Penalties for non-compliance – What penalties are most effective when the operator is in non-compliance with regulatory rules (e.g. for providing data, setting prices, or meeting targets)?

[Response by Sophie Trémolet and Diane Binderre, November 2010]

Establishing and enforcing performance requirements is a core task of economic regulationSanctions of some kind have to be associated with performance targets in order to make them effective. This is especially important in incentive-based regulation, where the company gains if it can find how to reduce costs. Without effective sanctions, the easiest way to reduce costs might be to skimp on quality. [1]

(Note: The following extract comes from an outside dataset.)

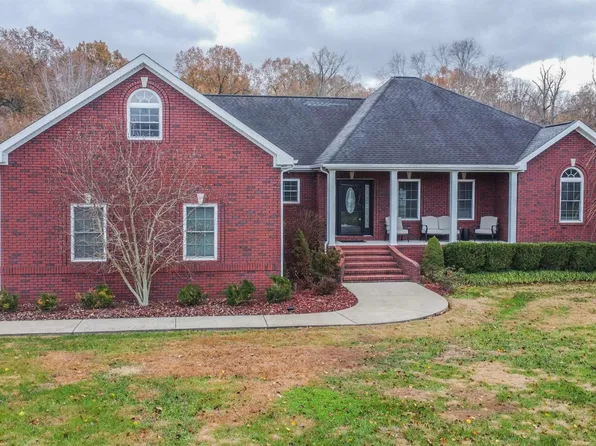 63 Royal Park Dr, Calvert City, KY 42029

There are a number of different types of penalties, including[2]:

  • Monetary sanctions : the company must pay a specified sum of money to a public authority for each instance of non-compliance with the performance requirements. These payments may be fed back to customers, in general in the form of lower prices, or paid to a fund that can for example be used to provide subsidies to economically disadvantaged people.
  • Compensation to customers : the payment of compensation for non-compliance with specific indicators is made by the company directly to the affected customers. Verification of the breach is sometimes difficult to establish and the scheme will be less effective where a large number of customers who are potentially hard to identify are affected. This type of scheme tends to be more successful in relation to customer service issues rather than reliability or technical supply issues. In developing countries, it is rarely recommended as it can create a culture of “applying for penalty payments” (even if the event has not occurred) and it can be difficult to monitor.
  • An adjustment is made to the revenue requirement for the next control period to reflect divergences of performance from specified target values. This is the approach used by Ofwat in the water and sewerage sector in England and Wales, with adjustment of +0,5% to -1% made on a three-year rolling period to reflect service levels offered by companies.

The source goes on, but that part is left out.